Collected data entries:
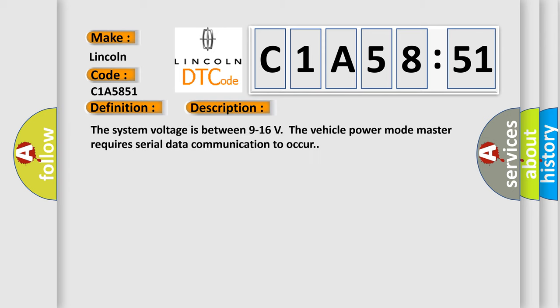The system voltage is between 9 to 16 volts. The vehicle power mode master requires serial data communication to occur.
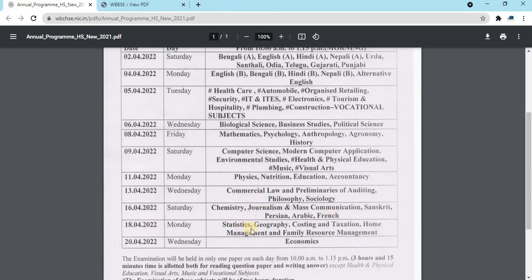In the 8th grade subjects include statistics, geography, costing and taxation, home management and family resource management. This is one of the subjects studied, including economics.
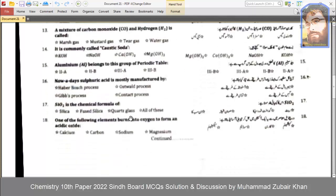Sulfuric acid is mostly produced by the contact process. SiO₂ is the chemical formula of silica, fused silica, and quartz glass.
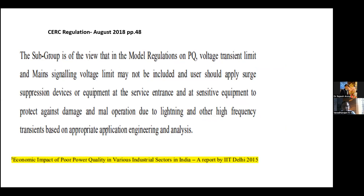The economic impact of poor power quality — a report by IIT Delhi says the model regulation on power quality indicates that the voltage transient limits may not be included, and users should apply surge suppression devices or equipment at the service entrance and at sensitive equipment to protect against damage and malfunction due to lightning and other high-frequency transients, based on appropriate application engineering and analysis. As you are all aware, there are many protective devices — fuse, MCB, stabilizer, UPS, auto transformer, etc. But there is an application for each. SPDs must be installed at the service entrance and at sensitive equipment to protect against lightning damage and malfunction.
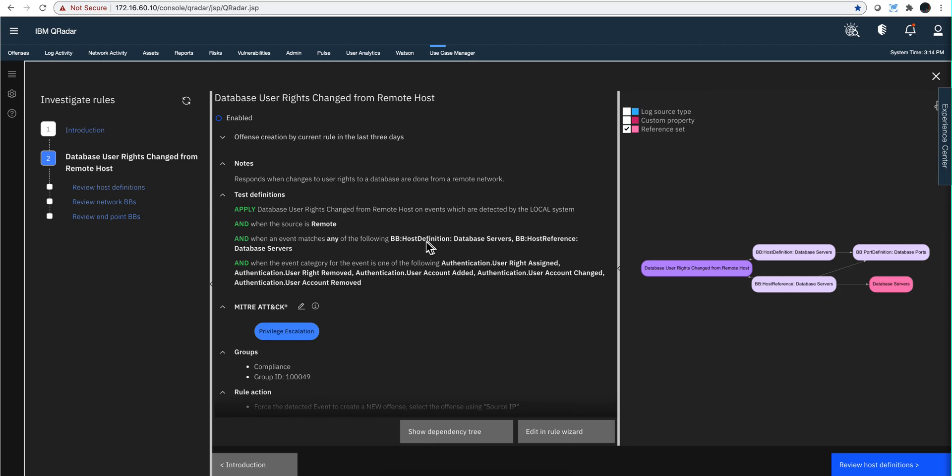Notice that in here there are two building blocks: either host definition or database servers in particular. You need to go here—host definition and host reference. So you need to go into host definitions, database servers, and make sure that the IP addresses of your databases are in there. Otherwise this condition will fail when it gets here because it doesn't know what your database servers are.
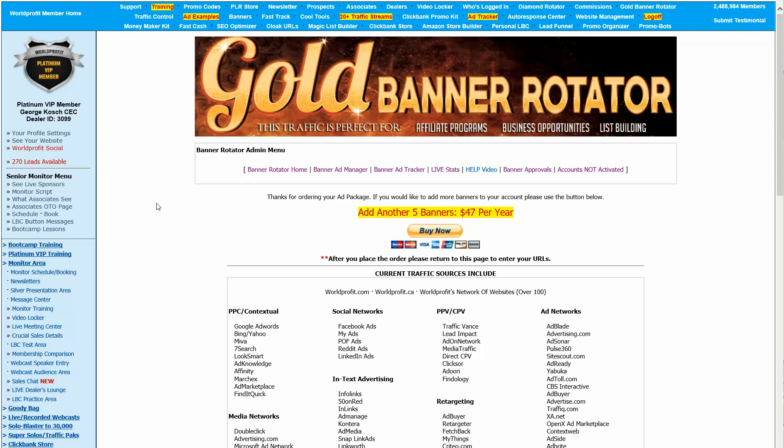Hi there, this is George Koch and I wanted to talk to you about the Gold Banner Rotator. It's absolutely incredible, very easy to use, and this is what you're going to see after you've made your purchase. You'll come back here and you'll see this and hopefully you'll click on the help video so that you can see what's going on.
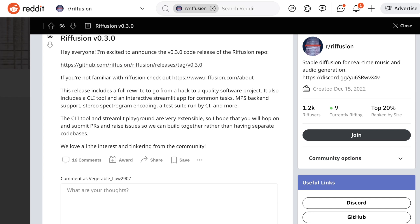There's MPS backend support, stereo spectrum encoding — which is a big deal since prior to this everything was just mono — and a test suite run by CI. Projects like YFUI diffusion have actually started doing this, something you see on larger open source projects. The CLI tool and Streamlit backend are very extensible, so they hope people will start contributing by submitting PRs and raising issues. This is already pretty common within the stable diffusion community — if you follow bigger projects like Automatic 1111, you can tell there's a lot of development outside of just the core developers.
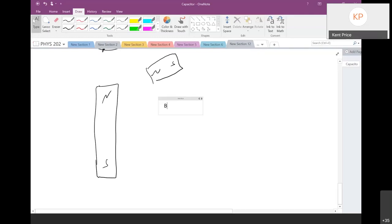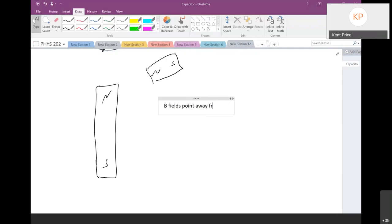You might think we'd give the magnetic field the symbol M, just like we give the electric field the symbol E, but no — we give magnetic fields the symbol B. Why B? What does that have to do with magnets? Nobody knows, but it's a universal convention. Magnetic field lines point away from north poles and toward south poles, just like electric field lines point away from positive and toward negative.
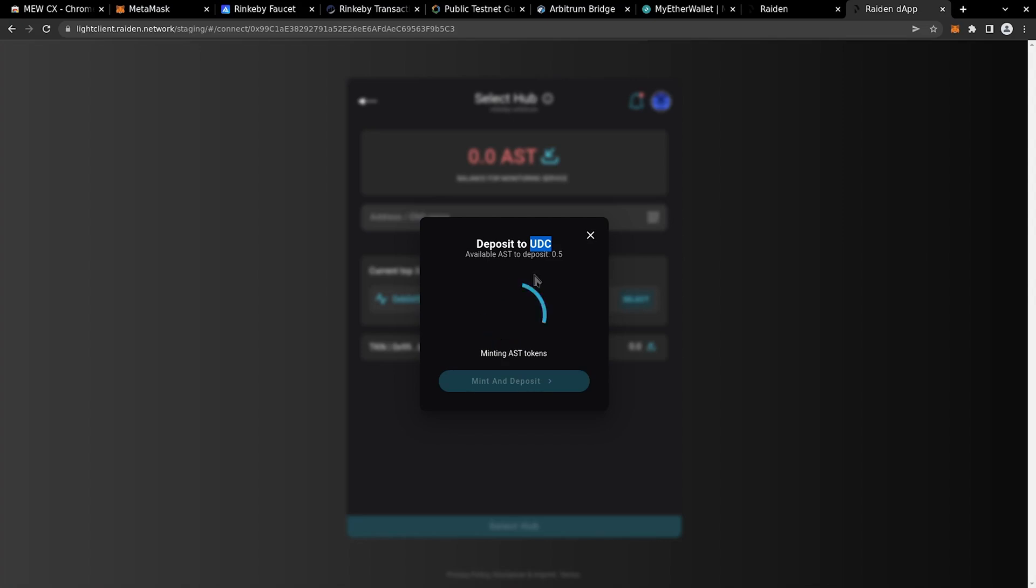The dApp node will, by default, refuse to receive transfers if you don't have a UDC deposit because it wouldn't be safe to go offline.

▸ Work required
Copy the records above exactly, leaving out every picture.

▸ Response to this task
The system voltage is between 9 to 16 volts. The vehicle power mode master requires serial data communication to occur.
In the 8th grade subjects include statistics, geography, costing and taxation, home management and family resource management. This is one of the subjects studied, including economics.
Sulfuric acid is mostly produced by the contact process. SiO₂ is the chemical formula of silica, fused silica, and quartz glass.
The economic impact of poor power quality — a report by IIT Delhi says the model regulation on power quality indicates that the voltage transient limits may not be included, and users should apply surge suppression devices or equipment at the service entrance and at sensitive equipment to protect against damage and malfunction due to lightning and other high-frequency transients, based on appropriate application engineering and analysis. As you are all aware, there are many protective devices — fuse, MCB, stabilizer, UPS, auto transformer, etc. But there is an application for each. SPDs must be installed at the service entrance and at sensitive equipment to protect against lightning damage and malfunction.
Notice that in here there are two building blocks: either host definition or database servers in particular. You need to go here—host definition and host reference. So you need to go into host definitions, database servers, and make sure that the IP addresses of your databases are in there. Otherwise this condition will fail when it gets here because it doesn't know what your database servers are.
Hi there, this is George Koch and I wanted to talk to you about the Gold Banner Rotator. It's absolutely incredible, very easy to use, and this is what you're going to see after you've made your purchase. You'll come back here and you'll see this and hopefully you'll click on the help video so that you can see what's going on.
There's MPS backend support, stereo spectrum encoding — which is a big deal since prior to this everything was just mono — and a test suite run by CI. Projects like YFUI diffusion have actually started doing this, something you see on larger open source projects. The CLI tool and Streamlit backend are very extensible, so they hope people will start contributing by submitting PRs and raising issues. This is already pretty common within the stable diffusion community — if you follow bigger projects like Automatic 1111, you can tell there's a lot of development outside of just the core developers.
You might think we'd give the magnetic field the symbol M, just like we give the electric field the symbol E, but no — we give magnetic fields the symbol B. Why B? What does that have to do with magnets? Nobody knows, but it's a universal convention. Magnetic field lines point away from north poles and toward south poles, just like electric field lines point away from positive and toward negative.
The dApp node will, by default, refuse to receive transfers if you don't have a UDC deposit because it wouldn't be safe to go offline.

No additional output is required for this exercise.